Ему казалось, что стоит только прикрыть „Новый мир“, и в стране разразится что-то вроде землетрясения. А этого он не хотел. Повторяю, он был законник, государственник, ортодоксальный член партии, депутат, и всякие эксцессы ему были не по душе.
Но что же? „Новый мир“ закрыли, а землетрясение, общественный взрыв… Ничего этого не произошло. Пришло несколько десятков сочувствующих писем, и все. Ни демонстраций, ни бурных протестов.
И это было потрясением для Твардовского, крушением всех его просветительских утопий». [12; 244]
Александр Исаевич Солженицын:
«Есть много способов убить поэта.
Твардовского убили тем, что отняли „Новый мир“». [7; 267]
В последней дали
Владимир Яковлевич Лакшин:
«Болезнь свою он долго не хотел признать, хотя все лето 1970 года, когда, по его желанию, совсем скромно, в дружеском и семейном кругу было отмечено его шестидесятилетие, уже чувствовал себя нездоровым.
Он привык ощущать себя сильным, крепким, не нуждающимся в чужой помощи и утешении. Да и в самом деле был человеком несокрушимого физического и нравственного здоровья. ‹…›
В последнее лето в глазах Твардовского поселилась особая печаль. „В деревне говорят: задумываться стал. Вот и я стал задумываться“, – горько пошутил он однажды.
Стихов он уже не писал, с середины лета забросил и дневник. Последнее, что его еще занимало – письма читателей, полученные к 60-летию, да новенький двухтомник, который он охотно рассылал поздравившим его людям. И вдруг сказал мне в июле:
– Ничто меня не занимает… Ни письма, ни собака, ни компостная яма, – и усмехнулся невесело. („Усовершенствование компостной ямы“ на участке было в его устах всегда символом серьезного, дельного занятия.) ‹…›
17 сентября он еще появился на собрании в Союзе писателей, сидел не в президиуме, а в зале.
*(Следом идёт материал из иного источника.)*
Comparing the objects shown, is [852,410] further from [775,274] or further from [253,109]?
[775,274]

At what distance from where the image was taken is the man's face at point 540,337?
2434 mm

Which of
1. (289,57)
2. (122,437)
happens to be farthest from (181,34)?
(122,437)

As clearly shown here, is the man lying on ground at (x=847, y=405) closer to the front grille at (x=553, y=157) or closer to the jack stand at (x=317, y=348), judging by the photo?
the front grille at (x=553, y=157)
В перерыве к нему подходили со всех сторон литераторы. „Как живете, Александр Трифонович?“ – „Как в наши годы“, – отвечал он и проходил сквозь возбужденную, гомонящую толпу не задерживаясь». [4; 185–187]
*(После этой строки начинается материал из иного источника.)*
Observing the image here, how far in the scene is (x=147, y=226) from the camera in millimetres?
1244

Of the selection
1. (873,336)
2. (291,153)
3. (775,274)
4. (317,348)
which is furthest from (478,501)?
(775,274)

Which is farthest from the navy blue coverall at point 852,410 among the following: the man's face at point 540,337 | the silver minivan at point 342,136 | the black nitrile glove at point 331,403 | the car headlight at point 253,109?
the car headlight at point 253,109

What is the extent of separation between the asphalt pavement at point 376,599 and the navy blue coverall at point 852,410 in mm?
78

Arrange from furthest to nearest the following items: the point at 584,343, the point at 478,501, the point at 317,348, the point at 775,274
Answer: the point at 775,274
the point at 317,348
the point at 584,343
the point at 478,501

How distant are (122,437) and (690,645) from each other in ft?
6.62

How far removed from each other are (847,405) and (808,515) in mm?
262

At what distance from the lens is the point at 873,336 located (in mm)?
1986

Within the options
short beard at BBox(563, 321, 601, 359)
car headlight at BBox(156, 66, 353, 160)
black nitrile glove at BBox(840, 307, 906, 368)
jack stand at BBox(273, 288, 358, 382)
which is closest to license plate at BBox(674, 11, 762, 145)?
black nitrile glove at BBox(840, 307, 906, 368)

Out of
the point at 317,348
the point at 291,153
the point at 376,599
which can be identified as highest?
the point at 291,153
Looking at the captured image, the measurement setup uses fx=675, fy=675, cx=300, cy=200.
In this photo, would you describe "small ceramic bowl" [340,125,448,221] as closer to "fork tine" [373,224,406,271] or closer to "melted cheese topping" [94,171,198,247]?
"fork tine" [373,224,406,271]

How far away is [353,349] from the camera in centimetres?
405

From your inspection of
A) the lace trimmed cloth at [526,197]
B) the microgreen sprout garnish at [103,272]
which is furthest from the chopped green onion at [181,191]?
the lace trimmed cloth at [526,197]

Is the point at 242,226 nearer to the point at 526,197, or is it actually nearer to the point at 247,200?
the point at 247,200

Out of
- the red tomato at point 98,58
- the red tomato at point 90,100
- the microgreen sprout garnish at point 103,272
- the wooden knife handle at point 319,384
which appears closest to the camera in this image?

Алексей Иванович Кондратович:
«Последний раз я видел Александра Трифоновича на ногах 16 сентября 1970 года. Выглядел он неважно, но мне не впервые было видеть его усталым, тяжелым, бледным. Плохо дышал. С каким-то усилием, как будто это работа – дышать. Кашлял – натужно, надрывисто. Все это меня встревожило, хотя никто еще ни о чем не догадывался. Когда мы вышли из ЦДЛ, где сидели на довольно скучном собрании, он сказал: „Я ведь думаю курить бросить“. И верно, вышли на улицу – он не закурил. Я удивился – но не больше.
Кого-то встретили, с кем-то поговорили и уже сворачивали на Садовое кольцо, когда Твардовский остановился и спросил:
– А я вам свой двухтомник не подарил?
– Нет.
– Ага, – задумался он. – А дайте-ка свой адрес.
Я дал, он записал. И опять: если бы я знал, что не о приятном мне он думает, а о другом – о своем хозяйстве, о порядке в нем, что он уже сколько дней пишет письма, отсылает бандероли, как будто предчувствует что-то, а что и сам не знает, но знает только одно, что нужно ответить на письма, надо послать книги, кому обещал, и вернуть рукописи с ответами, надо разобраться в собственном архиве и привести его в порядок.
Болел он уже не раз, и болел серьезно, но кто мог знать, что уже началась и грызет его, душит последняя болезнь.
Нет, мы не знали этого и думать не думали». [3; 366]
Владимир Яковлевич Лакшин:
«С собрания мы пошли не спеша на Смоленскую площадь к И. А. Сацу. По дороге, на Новом Арбате, к радости А. Т., купили в магазине грампластинок запись „Тёркина на том свете“ в его чтении». [4; 187]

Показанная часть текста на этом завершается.